Presently Peggy came out of the pool dripping wet and sat down beside her.
10
Peggy said, ‘There’s been so much going on this weekend, we’ve hardly had a chance to talk at all!’ She tugged at the strap of her bathing cap, pulled the cap off and fluffed her damp hair with her fingers. She smiled, reached for a towel that lay folded beside her chair and began blotting the water from her face and arms.

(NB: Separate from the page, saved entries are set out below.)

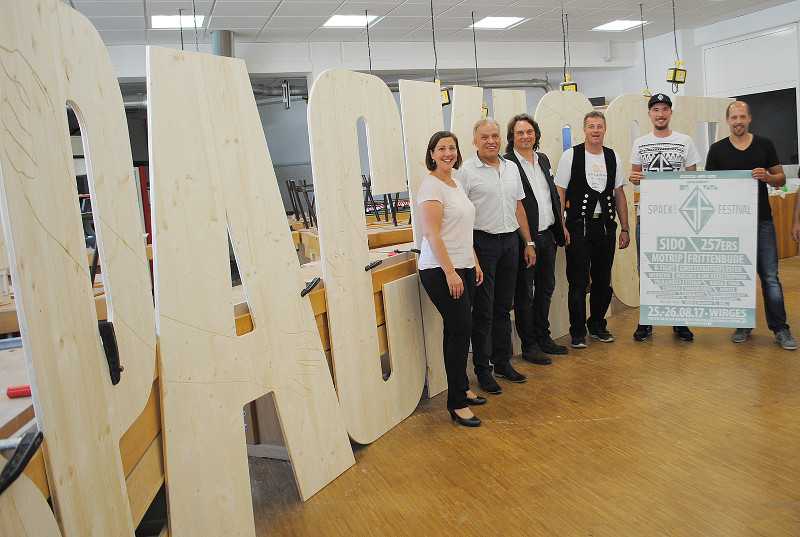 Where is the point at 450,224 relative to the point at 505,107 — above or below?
below

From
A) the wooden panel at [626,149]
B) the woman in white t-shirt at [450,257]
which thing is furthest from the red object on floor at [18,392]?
the wooden panel at [626,149]

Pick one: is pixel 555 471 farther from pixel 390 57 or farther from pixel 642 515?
pixel 390 57

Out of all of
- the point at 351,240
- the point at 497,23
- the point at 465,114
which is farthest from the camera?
the point at 497,23

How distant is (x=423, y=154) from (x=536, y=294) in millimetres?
1263

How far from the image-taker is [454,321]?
3.45 m

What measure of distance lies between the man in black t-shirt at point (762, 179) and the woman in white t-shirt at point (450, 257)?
1963mm

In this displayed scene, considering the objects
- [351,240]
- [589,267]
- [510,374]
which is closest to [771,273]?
[589,267]

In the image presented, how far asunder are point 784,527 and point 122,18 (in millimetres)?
7450

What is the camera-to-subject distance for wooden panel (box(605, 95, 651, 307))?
540 centimetres

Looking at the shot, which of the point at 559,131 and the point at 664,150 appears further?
the point at 559,131

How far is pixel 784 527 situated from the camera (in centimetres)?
234

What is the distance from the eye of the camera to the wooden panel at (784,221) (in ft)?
25.2

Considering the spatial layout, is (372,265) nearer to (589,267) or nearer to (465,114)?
(465,114)

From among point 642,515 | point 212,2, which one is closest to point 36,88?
point 642,515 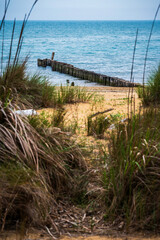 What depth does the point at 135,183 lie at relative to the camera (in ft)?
7.45

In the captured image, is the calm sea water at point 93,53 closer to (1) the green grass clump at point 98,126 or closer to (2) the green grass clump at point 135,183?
(1) the green grass clump at point 98,126

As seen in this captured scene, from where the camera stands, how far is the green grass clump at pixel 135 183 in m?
2.06

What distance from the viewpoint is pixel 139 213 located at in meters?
2.08

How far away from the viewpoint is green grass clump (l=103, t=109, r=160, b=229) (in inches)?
81.0

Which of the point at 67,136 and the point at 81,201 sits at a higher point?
the point at 67,136

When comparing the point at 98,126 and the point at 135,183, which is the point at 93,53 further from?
the point at 135,183

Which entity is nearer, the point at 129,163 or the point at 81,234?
the point at 81,234

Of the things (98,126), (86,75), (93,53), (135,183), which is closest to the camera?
(135,183)

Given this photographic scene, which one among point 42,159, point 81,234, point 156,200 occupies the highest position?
point 42,159

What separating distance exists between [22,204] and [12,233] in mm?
199

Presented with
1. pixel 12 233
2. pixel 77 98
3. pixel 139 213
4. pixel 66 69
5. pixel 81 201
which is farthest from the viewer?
pixel 66 69

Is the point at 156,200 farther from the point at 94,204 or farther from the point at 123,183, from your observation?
the point at 94,204

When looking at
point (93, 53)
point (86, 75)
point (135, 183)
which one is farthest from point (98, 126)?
point (93, 53)

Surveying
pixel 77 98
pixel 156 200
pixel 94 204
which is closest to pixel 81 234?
pixel 94 204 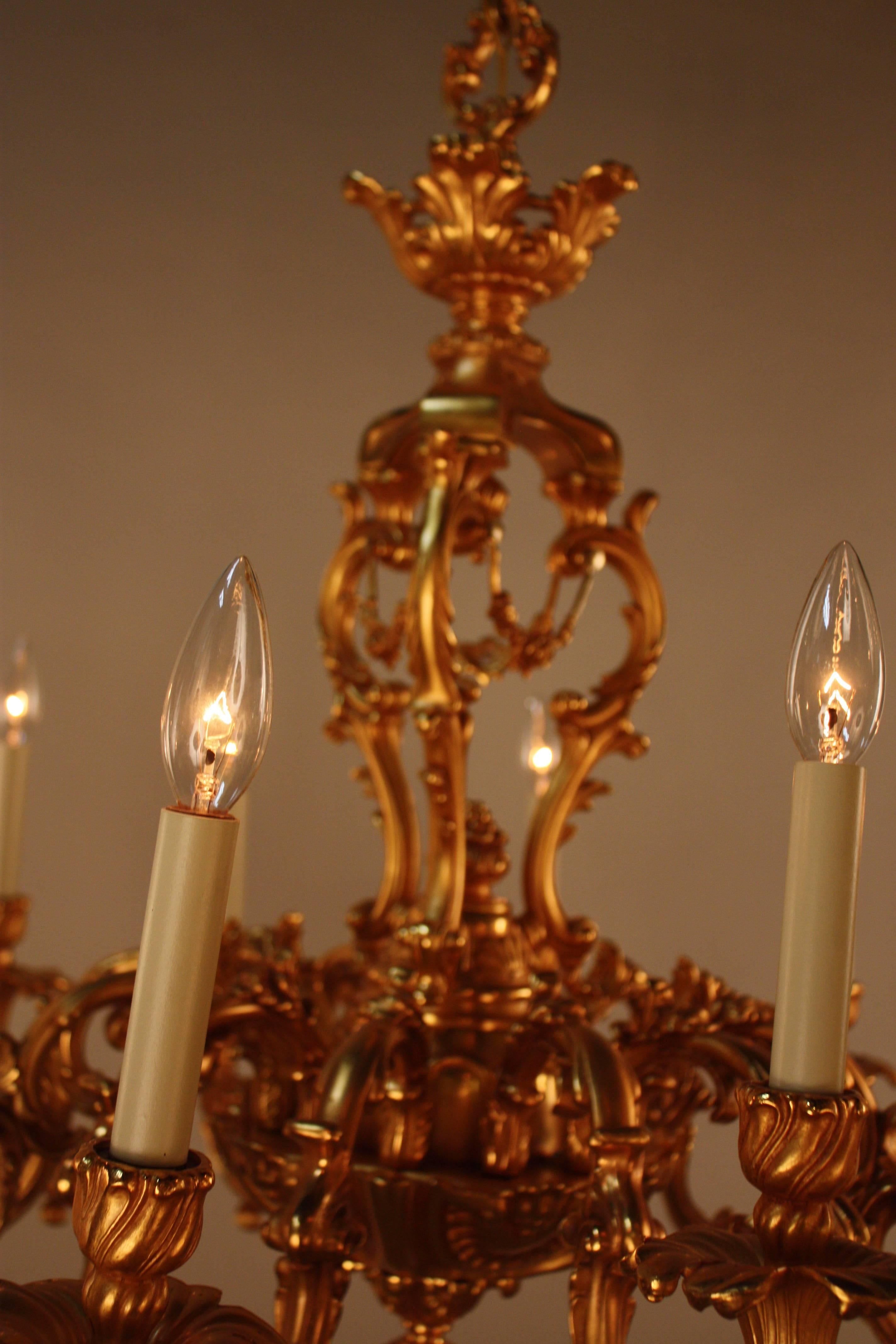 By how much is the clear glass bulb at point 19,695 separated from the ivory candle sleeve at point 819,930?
534mm

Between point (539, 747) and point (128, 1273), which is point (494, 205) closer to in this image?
point (539, 747)

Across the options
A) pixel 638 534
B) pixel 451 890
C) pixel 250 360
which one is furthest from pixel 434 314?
pixel 451 890

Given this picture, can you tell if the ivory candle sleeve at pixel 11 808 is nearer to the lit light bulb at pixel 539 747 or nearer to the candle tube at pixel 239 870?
the candle tube at pixel 239 870

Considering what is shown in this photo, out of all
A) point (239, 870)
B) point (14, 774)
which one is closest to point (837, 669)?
point (239, 870)

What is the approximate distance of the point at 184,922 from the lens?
399 mm

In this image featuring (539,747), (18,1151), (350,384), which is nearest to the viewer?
(18,1151)

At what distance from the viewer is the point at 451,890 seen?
0.68m

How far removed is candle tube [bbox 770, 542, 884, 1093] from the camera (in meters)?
0.42

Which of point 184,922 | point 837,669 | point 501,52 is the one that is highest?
point 501,52

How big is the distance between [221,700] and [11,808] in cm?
43

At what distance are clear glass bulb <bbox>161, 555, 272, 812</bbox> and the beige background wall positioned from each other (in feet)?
3.24

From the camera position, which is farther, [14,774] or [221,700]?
[14,774]

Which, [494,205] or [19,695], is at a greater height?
[494,205]

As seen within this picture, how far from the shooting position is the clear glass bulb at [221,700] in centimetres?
43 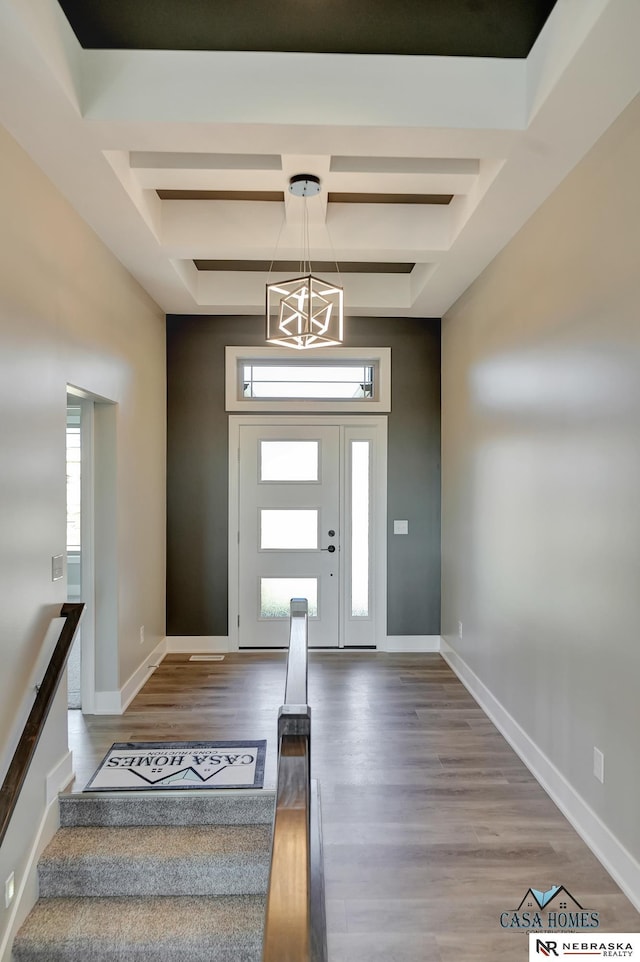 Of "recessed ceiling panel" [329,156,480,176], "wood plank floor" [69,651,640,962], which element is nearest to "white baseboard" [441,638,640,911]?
"wood plank floor" [69,651,640,962]

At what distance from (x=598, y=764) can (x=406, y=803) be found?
963 millimetres

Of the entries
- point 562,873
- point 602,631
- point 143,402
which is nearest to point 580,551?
point 602,631

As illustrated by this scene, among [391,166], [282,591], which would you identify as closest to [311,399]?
[282,591]

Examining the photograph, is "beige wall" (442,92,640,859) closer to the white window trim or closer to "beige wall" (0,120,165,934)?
the white window trim

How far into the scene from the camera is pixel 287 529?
18.3 feet

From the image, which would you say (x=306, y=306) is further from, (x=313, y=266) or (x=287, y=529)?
(x=287, y=529)

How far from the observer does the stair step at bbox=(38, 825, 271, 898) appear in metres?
2.61

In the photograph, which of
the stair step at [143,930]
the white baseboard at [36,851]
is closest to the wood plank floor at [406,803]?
the white baseboard at [36,851]

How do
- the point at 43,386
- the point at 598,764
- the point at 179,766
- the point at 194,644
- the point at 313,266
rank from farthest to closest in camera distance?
the point at 194,644 → the point at 313,266 → the point at 179,766 → the point at 43,386 → the point at 598,764

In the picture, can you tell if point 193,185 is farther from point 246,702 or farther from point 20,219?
point 246,702

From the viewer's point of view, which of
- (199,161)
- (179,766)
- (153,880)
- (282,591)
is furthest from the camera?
(282,591)

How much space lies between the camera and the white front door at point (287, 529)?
552 cm

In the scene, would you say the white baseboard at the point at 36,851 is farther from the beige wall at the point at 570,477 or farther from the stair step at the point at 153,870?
the beige wall at the point at 570,477

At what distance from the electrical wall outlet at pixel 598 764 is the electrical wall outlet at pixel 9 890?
2501 mm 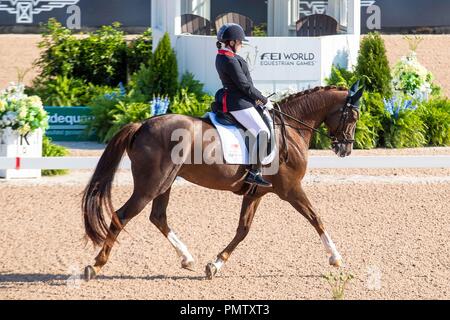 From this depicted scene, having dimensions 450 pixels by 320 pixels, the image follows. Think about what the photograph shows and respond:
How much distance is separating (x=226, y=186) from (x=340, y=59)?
7.81 m

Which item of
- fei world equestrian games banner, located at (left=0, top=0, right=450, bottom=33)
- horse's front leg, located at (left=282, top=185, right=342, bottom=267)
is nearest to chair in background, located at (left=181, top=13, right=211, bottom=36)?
fei world equestrian games banner, located at (left=0, top=0, right=450, bottom=33)

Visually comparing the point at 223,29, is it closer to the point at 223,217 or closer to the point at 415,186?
the point at 223,217

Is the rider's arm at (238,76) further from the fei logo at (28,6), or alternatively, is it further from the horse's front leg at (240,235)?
the fei logo at (28,6)

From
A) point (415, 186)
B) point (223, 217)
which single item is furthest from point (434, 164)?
point (223, 217)

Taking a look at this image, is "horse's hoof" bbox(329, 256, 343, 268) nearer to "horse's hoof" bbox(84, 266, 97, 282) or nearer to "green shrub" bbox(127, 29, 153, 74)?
"horse's hoof" bbox(84, 266, 97, 282)

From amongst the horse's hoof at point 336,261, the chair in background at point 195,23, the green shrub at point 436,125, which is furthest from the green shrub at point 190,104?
the horse's hoof at point 336,261

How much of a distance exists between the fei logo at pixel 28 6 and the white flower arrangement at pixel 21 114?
1070cm

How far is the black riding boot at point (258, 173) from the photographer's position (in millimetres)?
9672

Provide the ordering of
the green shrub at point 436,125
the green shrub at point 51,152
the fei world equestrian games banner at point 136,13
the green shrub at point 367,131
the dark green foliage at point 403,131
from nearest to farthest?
the green shrub at point 51,152 → the green shrub at point 367,131 → the dark green foliage at point 403,131 → the green shrub at point 436,125 → the fei world equestrian games banner at point 136,13

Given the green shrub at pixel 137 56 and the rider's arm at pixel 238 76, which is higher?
the green shrub at pixel 137 56

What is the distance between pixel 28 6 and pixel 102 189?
16.7m

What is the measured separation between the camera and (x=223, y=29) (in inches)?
382

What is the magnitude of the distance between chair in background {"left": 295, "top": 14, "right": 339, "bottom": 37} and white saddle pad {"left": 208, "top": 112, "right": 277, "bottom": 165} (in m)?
8.29

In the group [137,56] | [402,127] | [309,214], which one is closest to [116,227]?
[309,214]
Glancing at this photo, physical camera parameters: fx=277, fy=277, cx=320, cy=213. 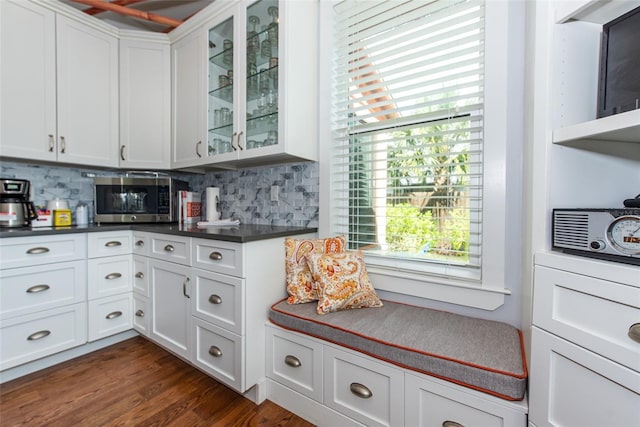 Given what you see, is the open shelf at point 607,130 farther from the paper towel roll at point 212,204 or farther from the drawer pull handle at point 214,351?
the paper towel roll at point 212,204

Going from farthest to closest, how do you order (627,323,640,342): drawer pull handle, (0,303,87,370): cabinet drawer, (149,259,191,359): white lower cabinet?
1. (149,259,191,359): white lower cabinet
2. (0,303,87,370): cabinet drawer
3. (627,323,640,342): drawer pull handle

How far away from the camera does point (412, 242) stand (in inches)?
63.0

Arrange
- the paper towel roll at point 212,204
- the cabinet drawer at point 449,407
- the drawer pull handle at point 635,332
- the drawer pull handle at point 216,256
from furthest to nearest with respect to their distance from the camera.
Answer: the paper towel roll at point 212,204 → the drawer pull handle at point 216,256 → the cabinet drawer at point 449,407 → the drawer pull handle at point 635,332

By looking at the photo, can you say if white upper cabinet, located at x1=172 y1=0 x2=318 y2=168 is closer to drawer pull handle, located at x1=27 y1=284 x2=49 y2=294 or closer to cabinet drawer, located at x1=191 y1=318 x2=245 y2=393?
cabinet drawer, located at x1=191 y1=318 x2=245 y2=393

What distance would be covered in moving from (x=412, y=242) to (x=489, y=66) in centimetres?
95

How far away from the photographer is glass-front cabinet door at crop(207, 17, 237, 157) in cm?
189

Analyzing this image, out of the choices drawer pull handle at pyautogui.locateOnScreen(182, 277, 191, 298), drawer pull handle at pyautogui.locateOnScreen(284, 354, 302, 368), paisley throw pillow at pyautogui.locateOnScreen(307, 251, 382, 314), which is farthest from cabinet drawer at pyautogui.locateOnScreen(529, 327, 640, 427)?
drawer pull handle at pyautogui.locateOnScreen(182, 277, 191, 298)

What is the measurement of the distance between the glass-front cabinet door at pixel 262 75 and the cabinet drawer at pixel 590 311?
145 centimetres

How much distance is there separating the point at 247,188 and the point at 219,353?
1.23 meters

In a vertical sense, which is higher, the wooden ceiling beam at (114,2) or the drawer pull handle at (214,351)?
the wooden ceiling beam at (114,2)

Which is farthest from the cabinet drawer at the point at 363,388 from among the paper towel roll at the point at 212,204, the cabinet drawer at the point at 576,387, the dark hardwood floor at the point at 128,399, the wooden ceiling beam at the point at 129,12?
the wooden ceiling beam at the point at 129,12

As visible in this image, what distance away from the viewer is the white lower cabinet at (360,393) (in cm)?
98

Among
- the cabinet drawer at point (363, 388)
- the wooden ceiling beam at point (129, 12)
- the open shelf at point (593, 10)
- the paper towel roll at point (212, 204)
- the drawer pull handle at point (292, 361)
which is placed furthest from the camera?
the paper towel roll at point (212, 204)

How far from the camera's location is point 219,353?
1.53 metres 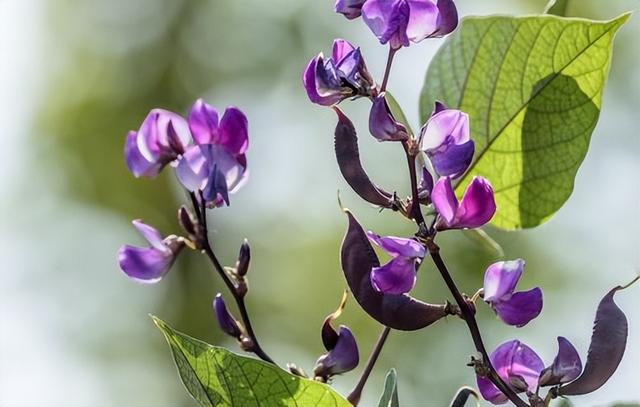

Peggy was an extremely neat girl. She was meticulous and efficient and an excellent housekeeper, which Barbara was not. Unlike Barbara, who had a habit of stepping out of her clothes and leaving them where they fell, Peggy’s closets and dresser drawers were always immaculate and perfectly organised. She catalogued things. The quilted boxes in her closet bore little tags on which were lettered their contents in Peggy’s neat, round handwriting: ‘Sweater: periwinkle blue pullover; Sweater: lavender cardigan; Sweater: white cardigan with appliqué floral front … Shoes: beige silk pumps, medium heel; Sandals: black velvet.…” and so on. She was efficient in her gestures, too. Every motion of her hands was gracious and controlled. In one of her gracious and controlled movements now, she refolded her towel, placed it beside the chair, then reached for a cigarette and tapped it slowly and deliberately on the back of her now-dry wrist. Then she placed the cigarette between her lips and lighted it, blowing out the match with a stream of smoke. ‘Isn’t it a shame that Carson had to go on this trip,’ she said. ‘When he gets back, summer will be over.’